Authors: Albert Cohen
CHAPTER 88
Two hours later, after dinner, they settled down in her room and there was a silence which she filled by offering him a cigarette and then lighting it in a scrupulous and heart-melting quest for perfection. The poor girl does her level best, he thought. Ha, now she's taking one herself. To put some life into the proceedings. To create a relaxed atmosphere. She's wearing that evening dress entirely for my benefit. We make an odd couple, she pointlessly got up in her glad-rags which would be more appropriate at Buckingham Palace, and me in a red dressing-gown, slippers and no socks.

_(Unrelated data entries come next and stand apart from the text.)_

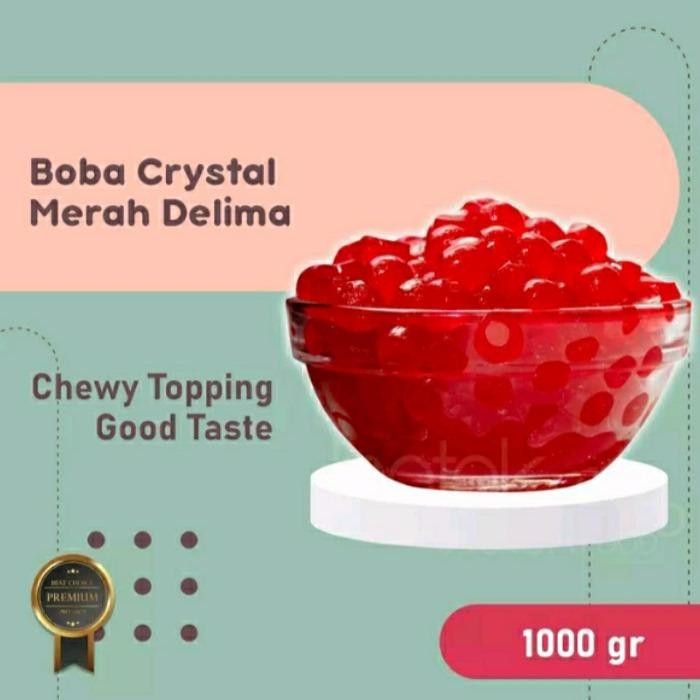 

PROMO! Boba kristal jelly pearl bublle mutiara agar ager jeli bola merah delima red crystal bening hitam klasik black crystal brown caramel peach sakura topping desert minuman viral kekinian praktis siap saji 1000 g - merah delima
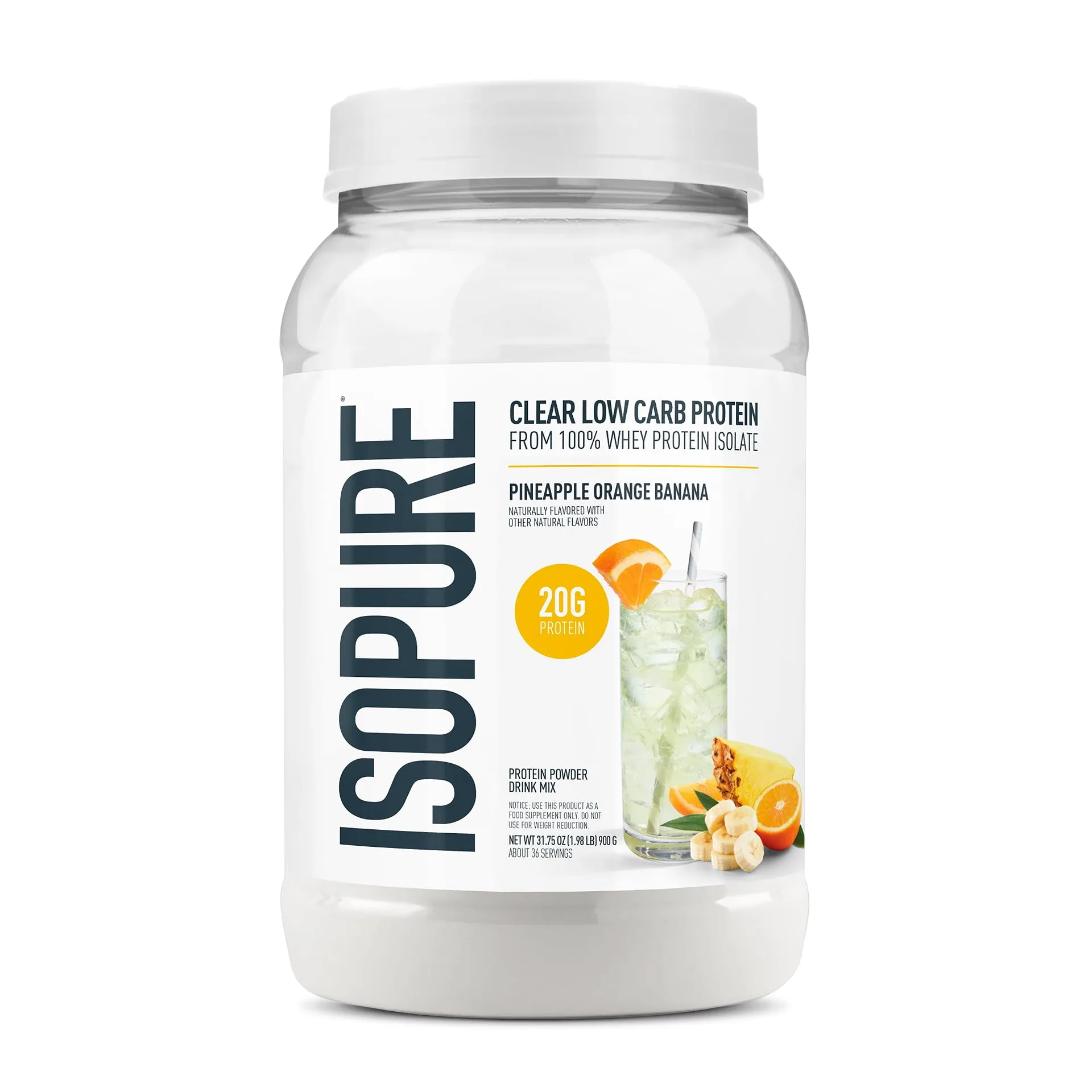 Isopure | Infusions 100% Whey Protein Isolate | 20 g Protein Powder | Pineapple Orange Banana | 1.98 lb | 36 Servings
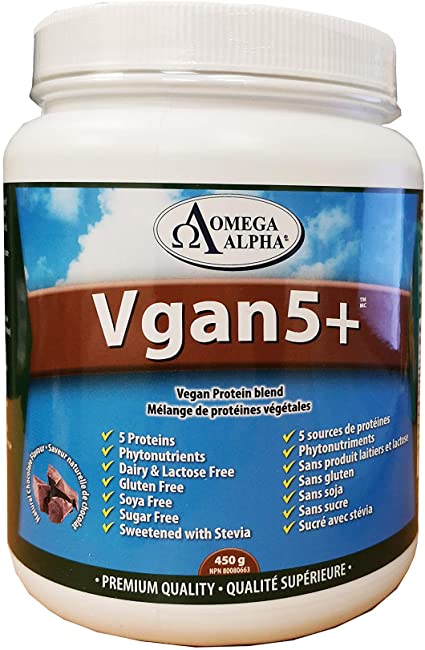 Omega Alpha Vgan5+ Vegan Protein Blend Natural Chocolate Flavour 450g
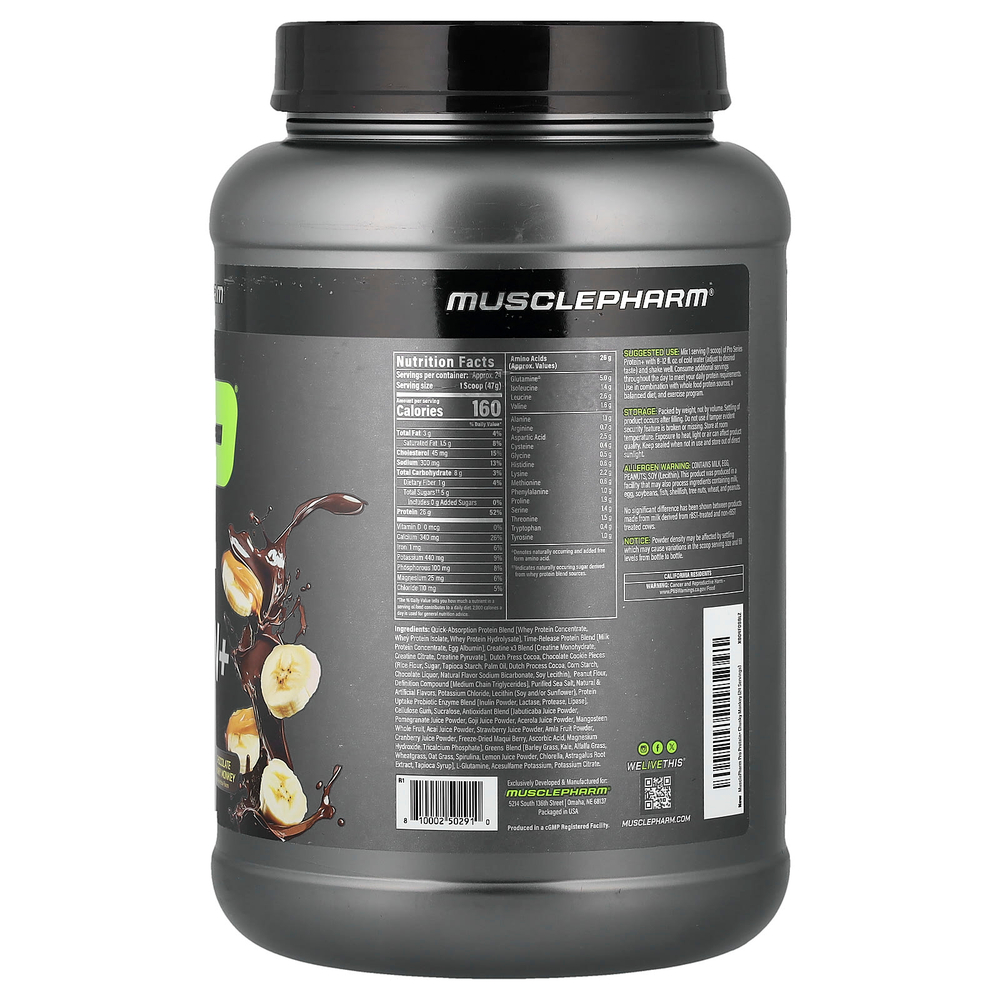 MusclePharm, Pro Series Protein+, протеин с кусочками шоколада, 1,1 кг (2,5 фунта)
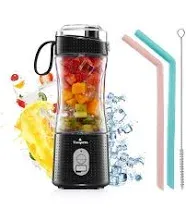 Portable Blender, Vaeqozva USB Rechargeable Smoothie on The Go Blender Cup with Straws, Protein Shakes Fruit Mini Mixer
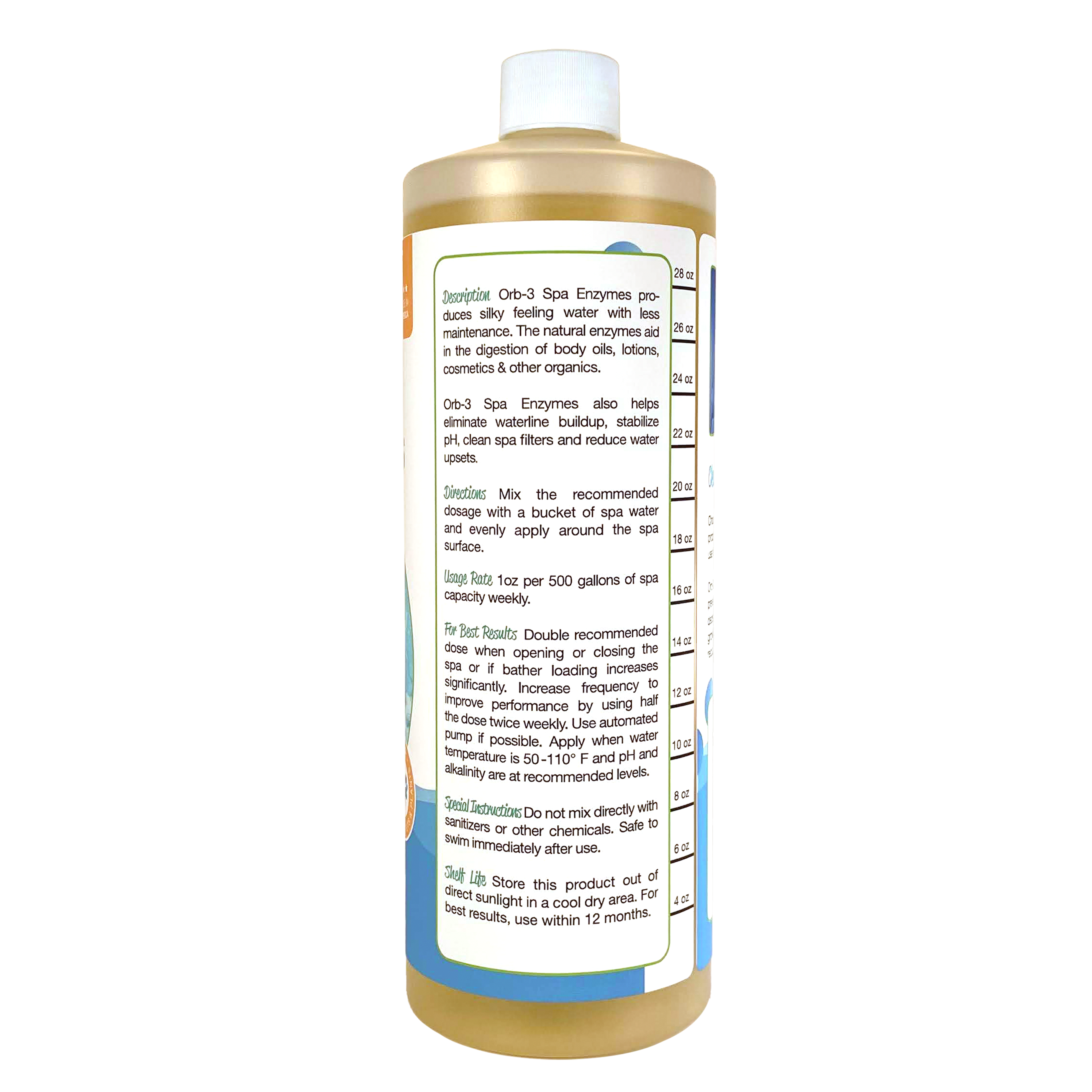 Back view of directions on bottle of Orb-3 Spa Enzymes on a white background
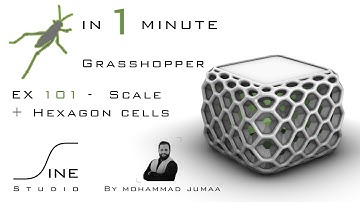 Grasshopper in 1 minute - EX 101 - Scale + Hexagon cells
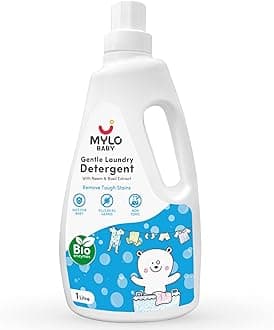 Mylo Baby Safe Laundry Liquid Detergent (1000ML- Without Dyes & Optical Brighteners) | With Bio - Enzymes and Basil, Neem extract| Anti-Bacterial, For Newborn Clothes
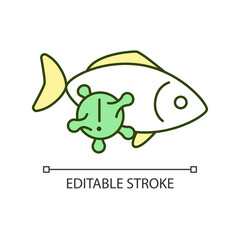 Infected fish RGB color icon. Contagious and dangerous seafood. Toxins, virus. Fish diseases. Isolated vector illustration. Simple filled line drawing. Editable stroke. Arial font used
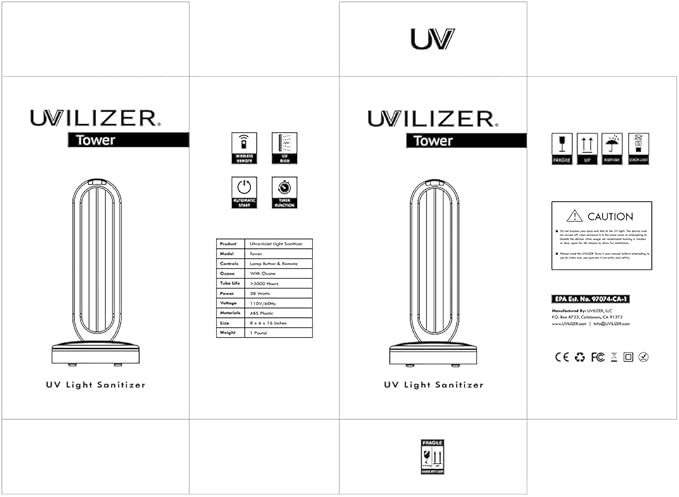 Tower - UV Light Sanitizer & Ultraviolet Lamp with Remote Control (UV-C Cleaner for Home, Room, Office | 38W UVC Disinfection Bulb | Kill Germs, Bacteria, Virus, Dust | USA)-Ruum Studio Home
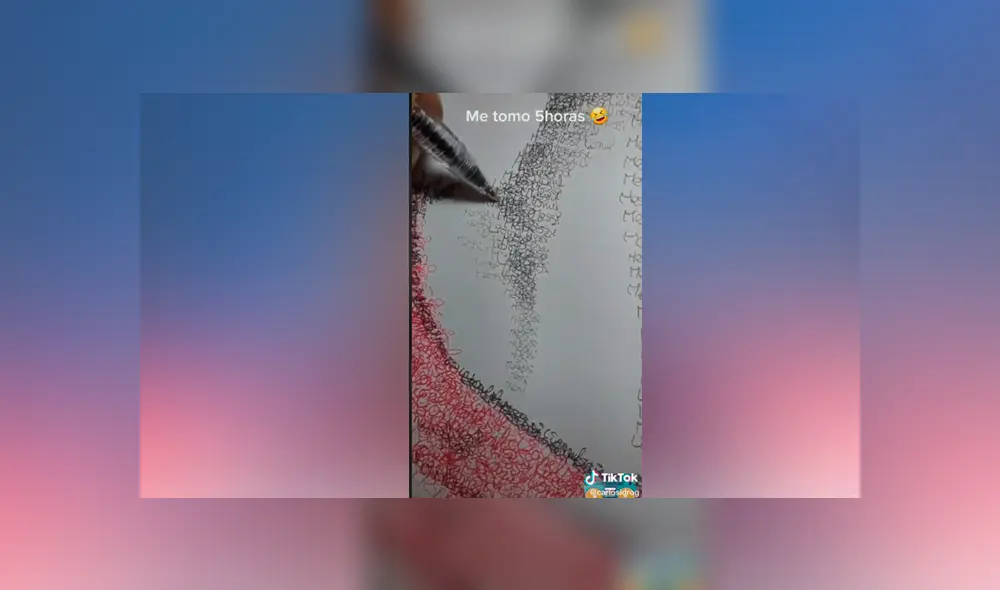 Desliza las imágenes para ver el increíble proceso que utilizó este joven para dibujar Lionel Messi. Fotocapturas: Carlos Idrogo Duarezes /TikTok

'Those old hags downstairs were quite nauseating,' she said after another silence. 'I can't think why we stayed there listening to them. (You because you hunger for social contacts, however squalid. Me to lick the pebble of my unhappiness.) Basically, I'm beginning to think I'm becoming unsociable, that I hate other people. I only feel right when I'm with you. You are the only person who exists. (Oh yes? And what about that handsome waiter just now? When he went out, you took a good peek at yourself in the mirror above the fireplace. That little unconscious of yours just had to make sure if you'd been judged and found beautiful. But good luck to you if being considered attractive by somebody else made you feel happy.) Tomorrow I'll whizz over to Saint-Raphaël and get the gramophone repaired,' she said, after a third silence. 'If they can't mend it while I wait, I'll buy another one. (He kissed her hand.) And while I'm there I'll try to get hold of the Mozart Horn Concerto. It's not terribly well known but it's very fine. Do you know it?'
'Oh yes,' he lied. 'The horn part is astounding.'
She gave an approving smile. When she'd used up all her smile, she said she'd forgotten to show him the surprise she'd got for him, a box of Turkish nougat she'd found yesterday in a little shop in Saint-Raphaël.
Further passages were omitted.